Stored data —
....................
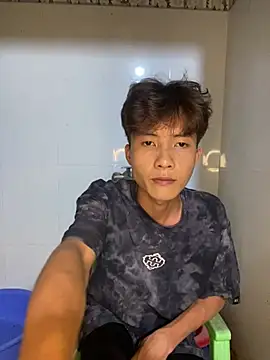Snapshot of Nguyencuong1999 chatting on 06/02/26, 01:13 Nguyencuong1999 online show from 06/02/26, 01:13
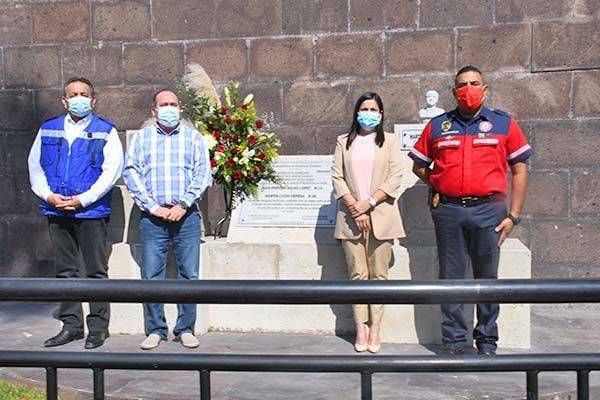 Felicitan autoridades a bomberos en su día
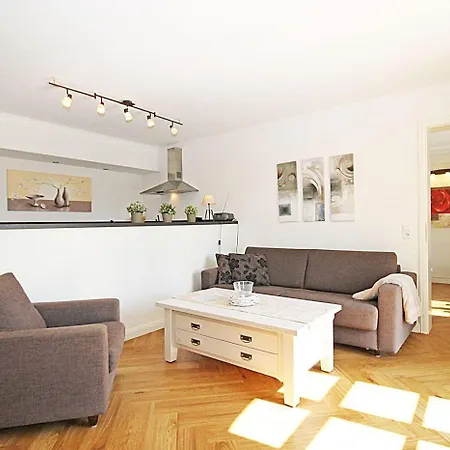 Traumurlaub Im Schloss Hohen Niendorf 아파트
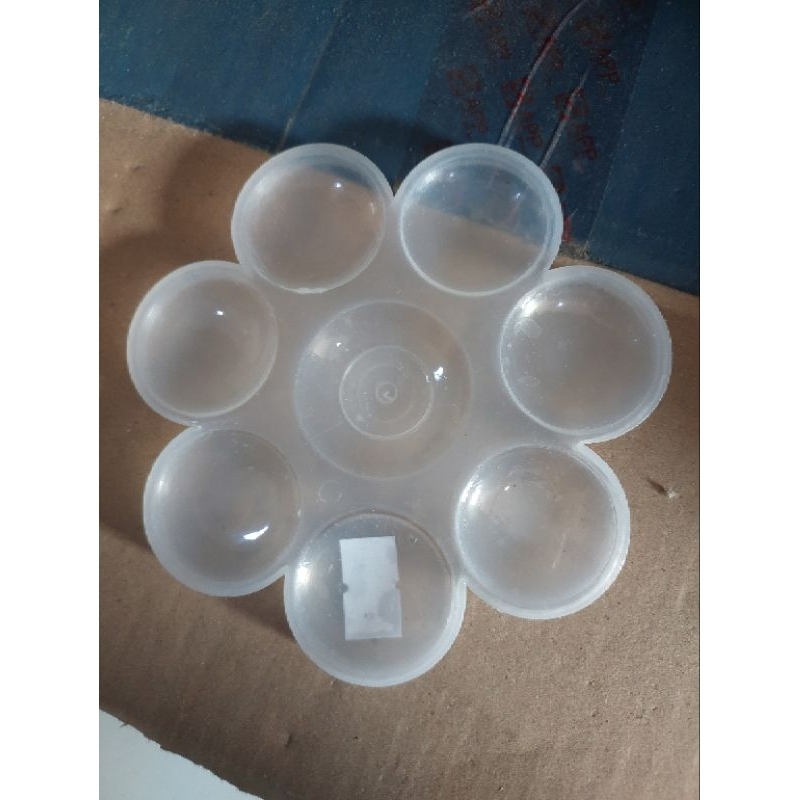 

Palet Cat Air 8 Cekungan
....................
Task details —
Without including any pictures, reproduce the listing exactly.

Task solution —
Snapshot of Nguyencuong1999 chatting on 06/02/26, 01:13 Nguyencuong1999 online show from 06/02/26, 01:13
 Felicitan autoridades a bomberos en su día
 Traumurlaub Im Schloss Hohen Niendorf 아파트

Palet Cat Air 8 Cekungan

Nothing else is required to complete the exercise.